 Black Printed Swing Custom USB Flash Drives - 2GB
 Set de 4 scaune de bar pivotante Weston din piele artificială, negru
● ● ● ● ● ● ●
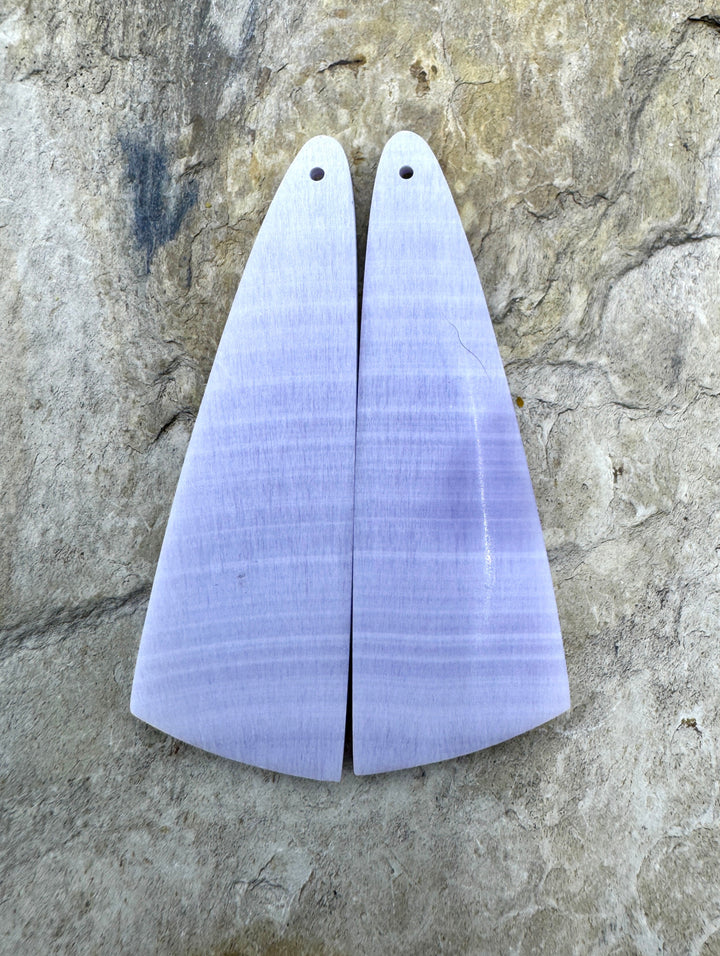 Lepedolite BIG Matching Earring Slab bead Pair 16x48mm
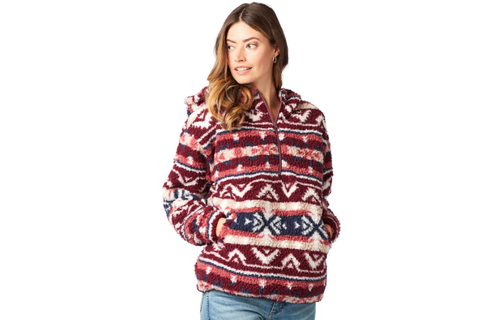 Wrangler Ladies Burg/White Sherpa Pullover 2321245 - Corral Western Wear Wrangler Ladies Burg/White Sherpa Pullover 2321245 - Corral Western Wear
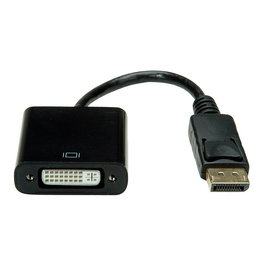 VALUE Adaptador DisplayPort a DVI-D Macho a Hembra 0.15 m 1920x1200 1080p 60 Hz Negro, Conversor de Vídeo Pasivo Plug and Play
● ● ● ● ● ● ●
EXERCISE BRIEF — Give again, word for word, every line of the listing above from the one with "Black Printed Swing" to the one with "Set de 4 scaune", both inclusive, and nothing beyond them.

OUTPUT FOR THIS TASK —
 Black Printed Swing Custom USB Flash Drives - 2GB
 Set de 4 scaune de bar pivotante Weston din piele artificială, negru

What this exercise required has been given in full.